ABOUT THIS EXERCISE:
Copy the lines below exactly. No picture goes into the copy.

DATA BLOCK:
--- START ---
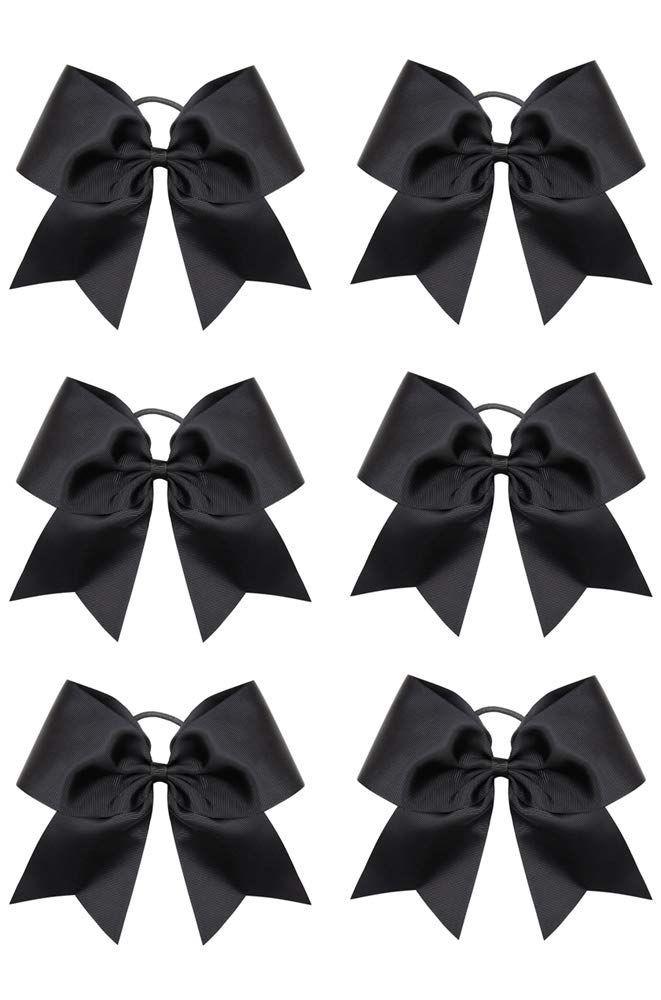 Oaoleer 8inch Jumbo Large Cheer Bows Ponytail Holder Elastic Band Handmade Boutique Hair Accessories for Cheerleading Teen Girls College Women Sports (6PCS, Black)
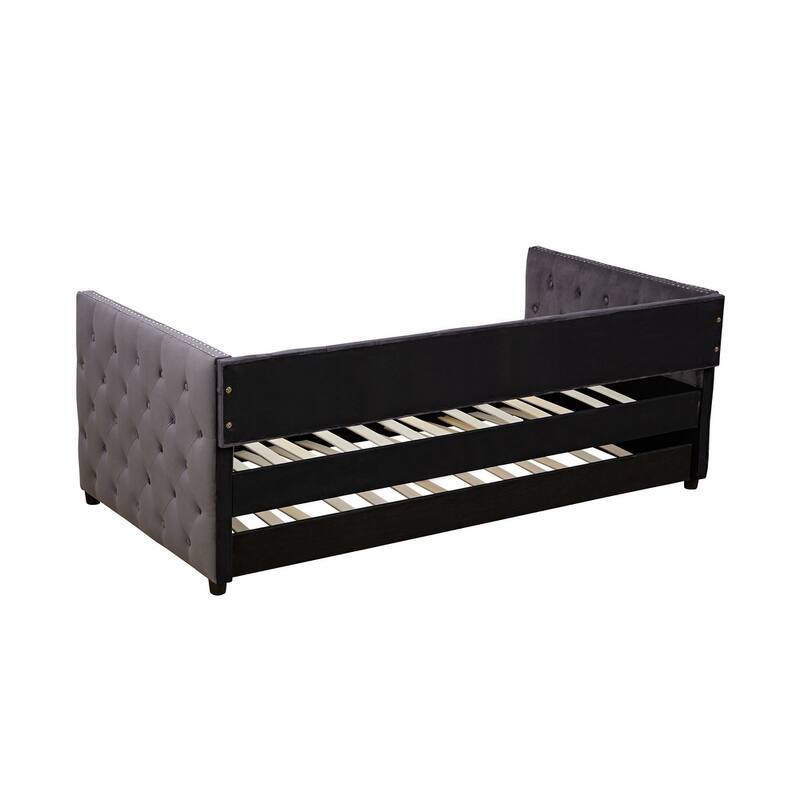 Velvet Upholstered Wooden Daybed with Trundle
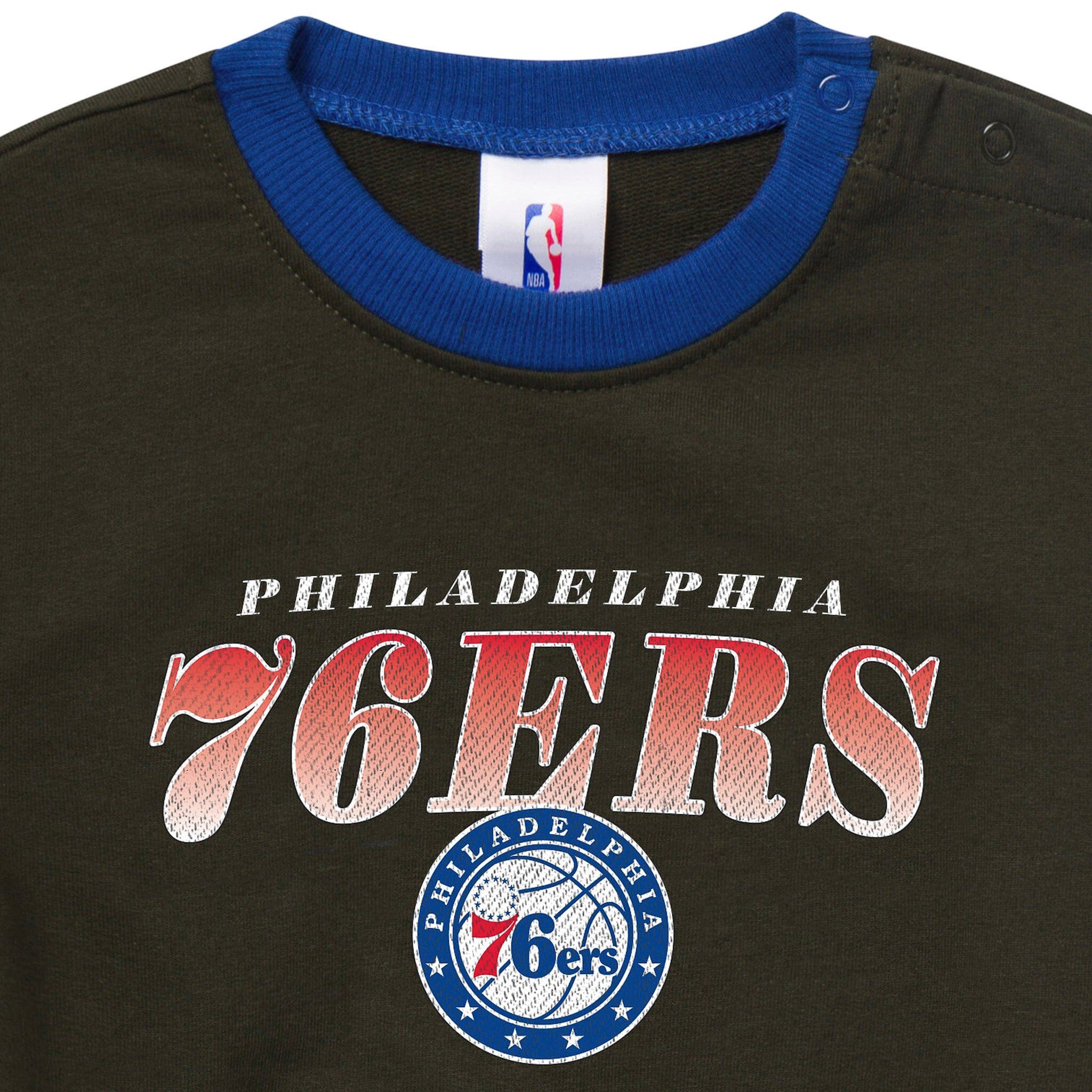 Baby Neutral Philadelphia 76ers Sweatshirt Bubble Romper - Image 2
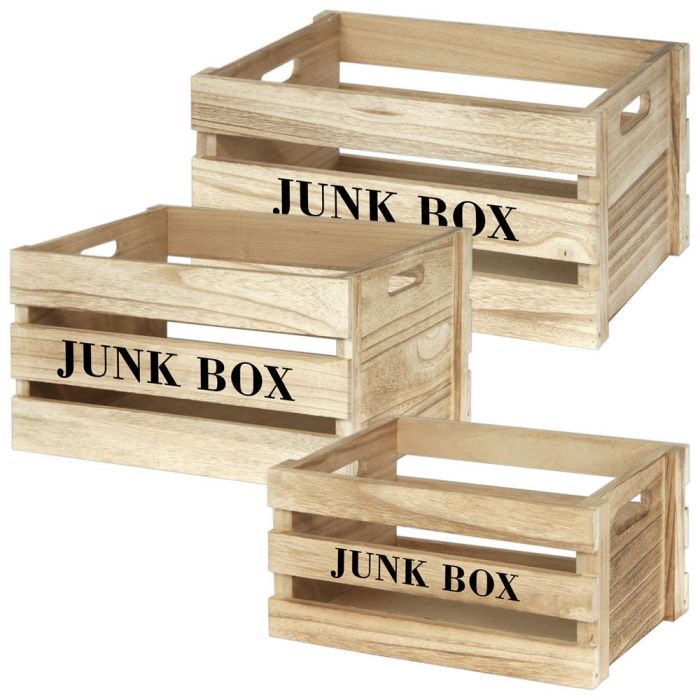 Juego De 3 Cajas Madera "Junk Box" Home Deco Factory 2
--- END ---
SOLUTION FOR THIS EXERCISE:
 Oaoleer 8inch Jumbo Large Cheer Bows Ponytail Holder Elastic Band Handmade Boutique Hair Accessories for Cheerleading Teen Girls College Women Sports (6PCS, Black)
 Velvet Upholstered Wooden Daybed with Trundle
 Baby Neutral Philadelphia 76ers Sweatshirt Bubble Romper - Image 2
 Juego De 3 Cajas Madera "Junk Box" Home Deco Factory 2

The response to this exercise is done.